REQUIREMENT => All the lines below need to be transcribed exactly. Pictures get left out.

[Dataset excerpts]
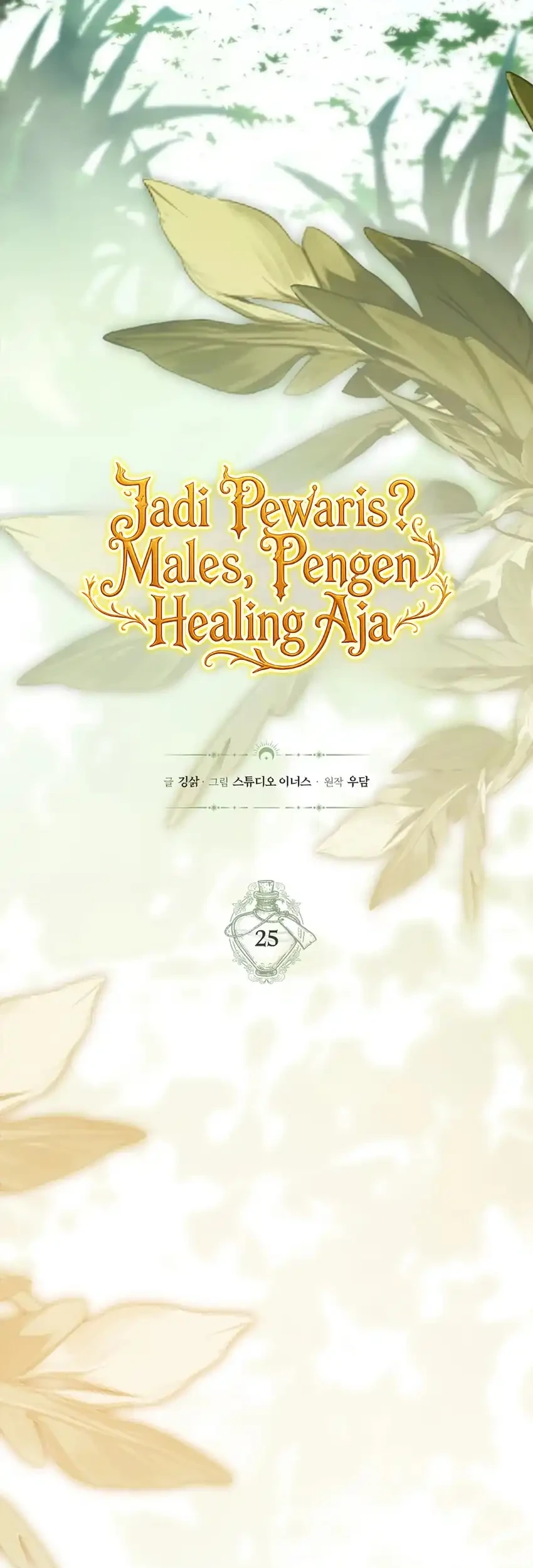 Chapter 25 - halaman 8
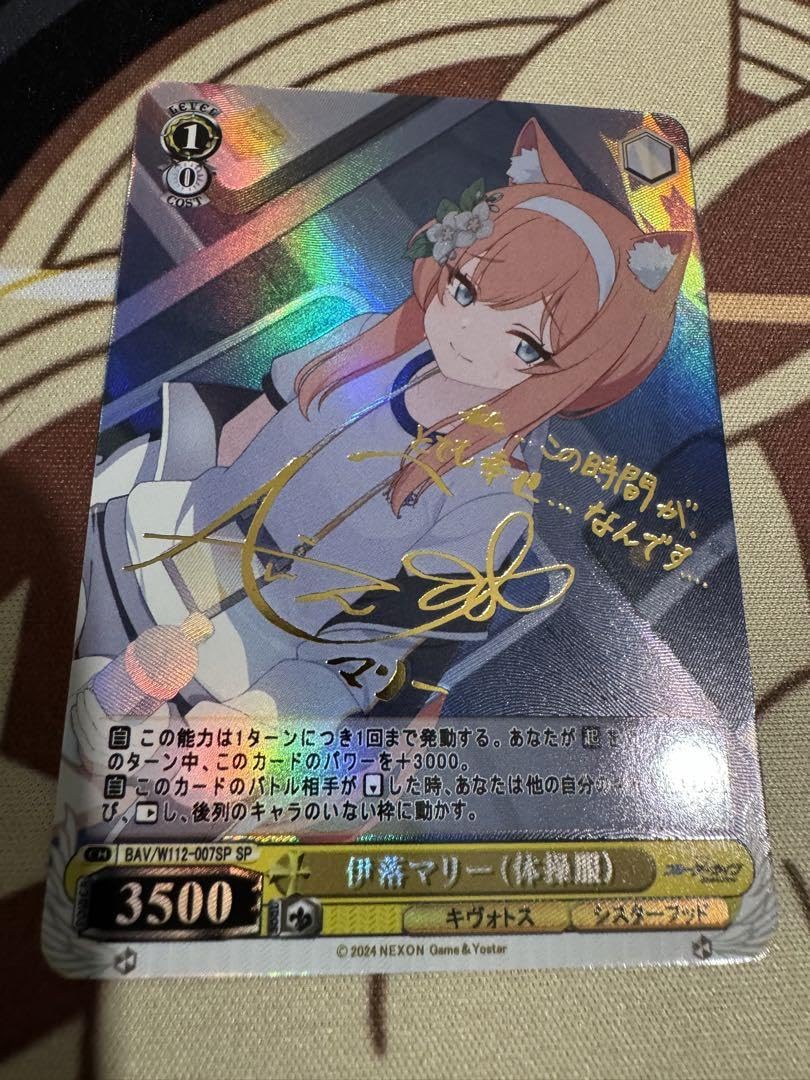 Amazon.co.jp: 大ブルアカ 伊落マリー 体操服 カードカード : おもちゃ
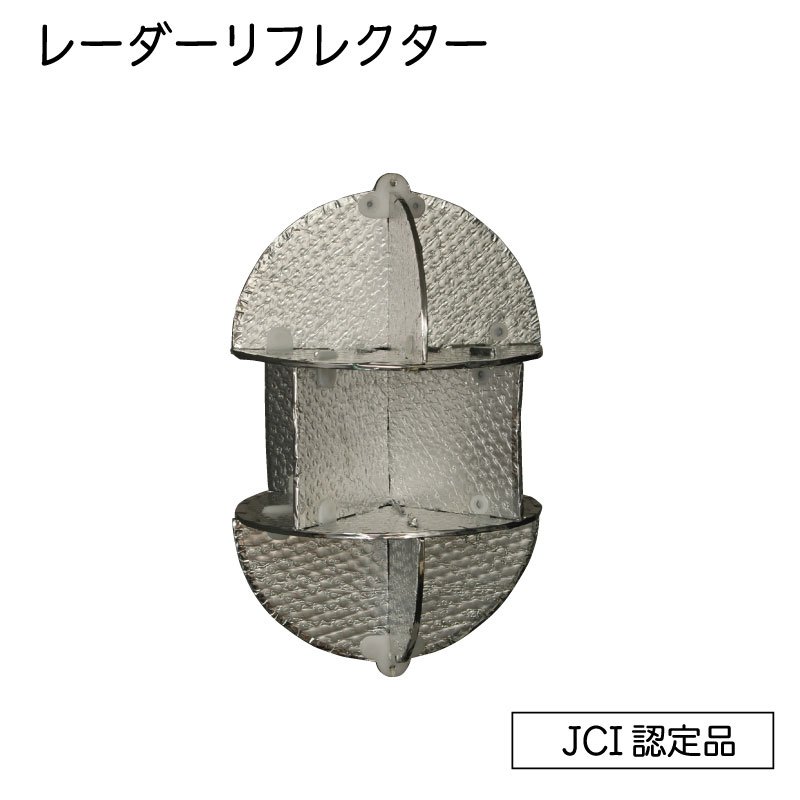 ユニマットマリン｜レーダー リフレクター通販】レーダーリフレクター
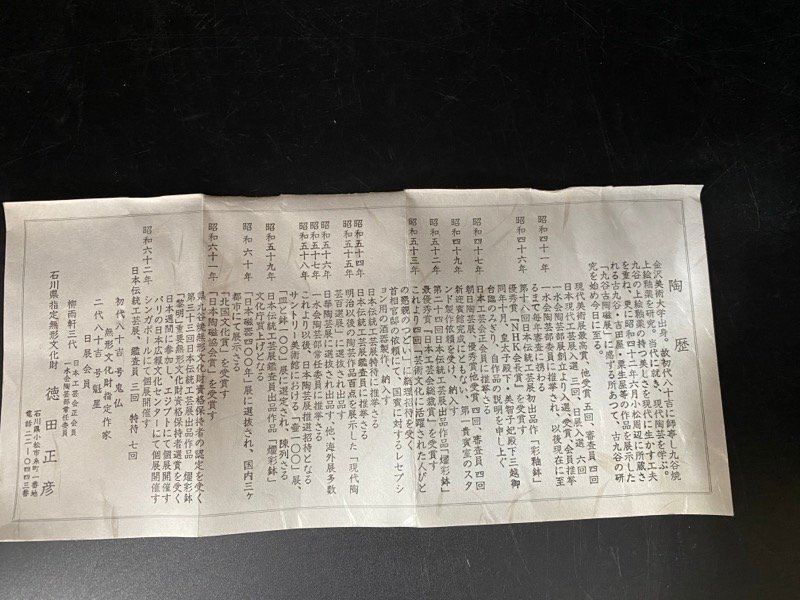 蔵出し 人間国宝 九谷焼 徳田正彦 三代 徳田八十吉 碧明釉 獅子 蔵出し 人間国宝 九谷焼 徳田正彦 三代 徳田八十吉 碧明釉 獅子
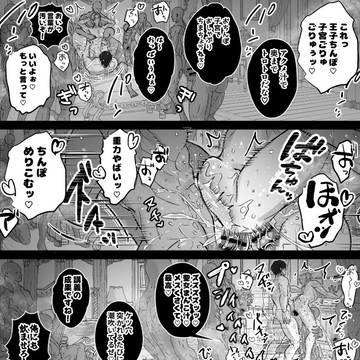 【DL販売開始】常時開発汁だくアホエロカントボーイ本発売！
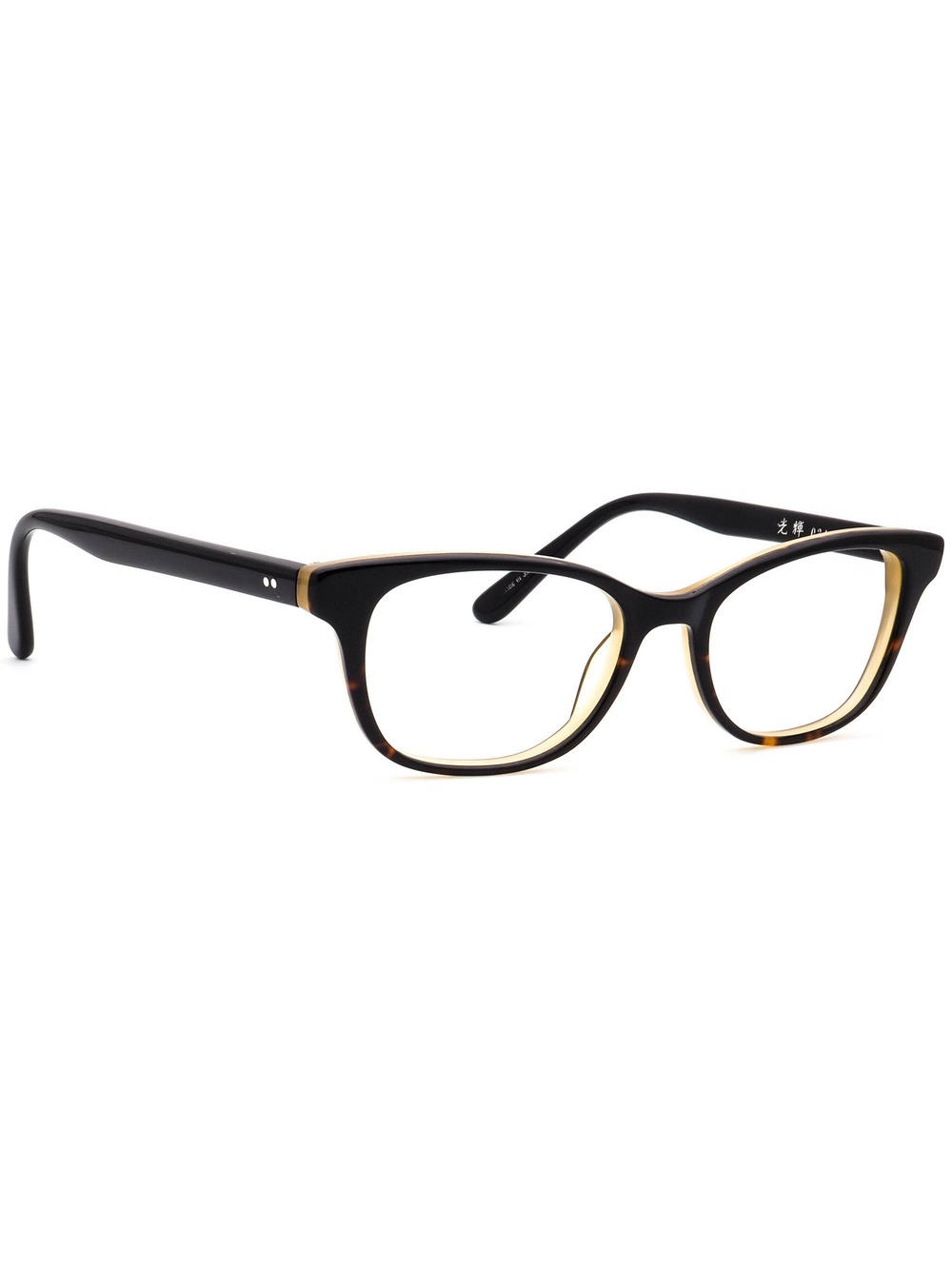 Masunaga 034 #49 Eyewear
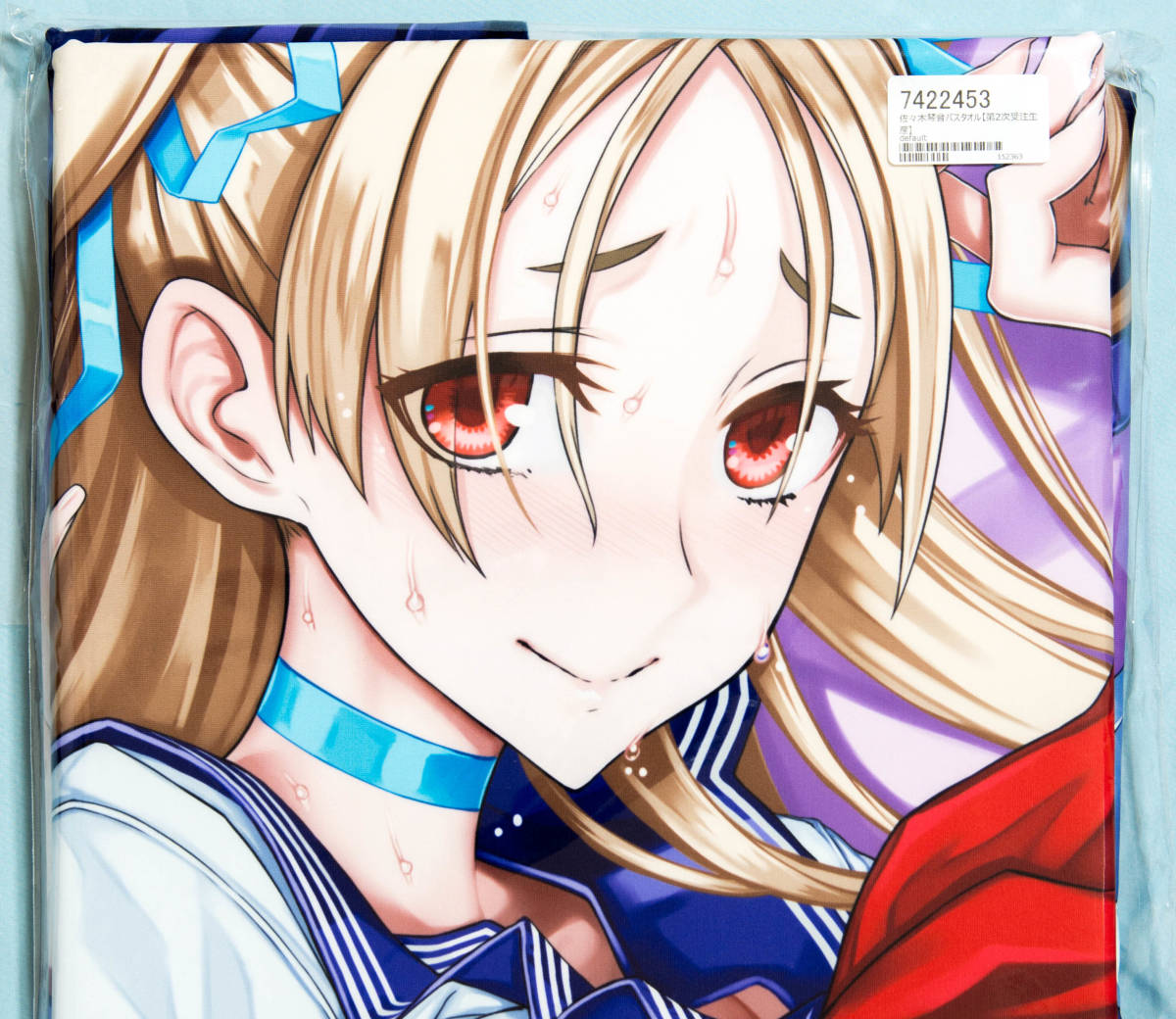 阿久津キララ 飛鳥瑠衣 2種セット バスタオル RAITA 本庄雷太 絶対少女 正規品 絶対少女 RAITA 魔法少女 飛鳥瑠依 バスタオル 新品未開封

EXPECTED ANSWER =>
 Chapter 25 - halaman 8
 Amazon.co.jp: 大ブルアカ 伊落マリー 体操服 カードカード : おもちゃ
 ユニマットマリン｜レーダー リフレクター通販】レーダーリフレクター
 蔵出し 人間国宝 九谷焼 徳田正彦 三代 徳田八十吉 碧明釉 獅子 蔵出し 人間国宝 九谷焼 徳田正彦 三代 徳田八十吉 碧明釉 獅子
 【DL販売開始】常時開発汁だくアホエロカントボーイ本発売！
 Masunaga 034 #49 Eyewear
 阿久津キララ 飛鳥瑠衣 2種セット バスタオル RAITA 本庄雷太 絶対少女 正規品 絶対少女 RAITA 魔法少女 飛鳥瑠依 バスタオル 新品未開封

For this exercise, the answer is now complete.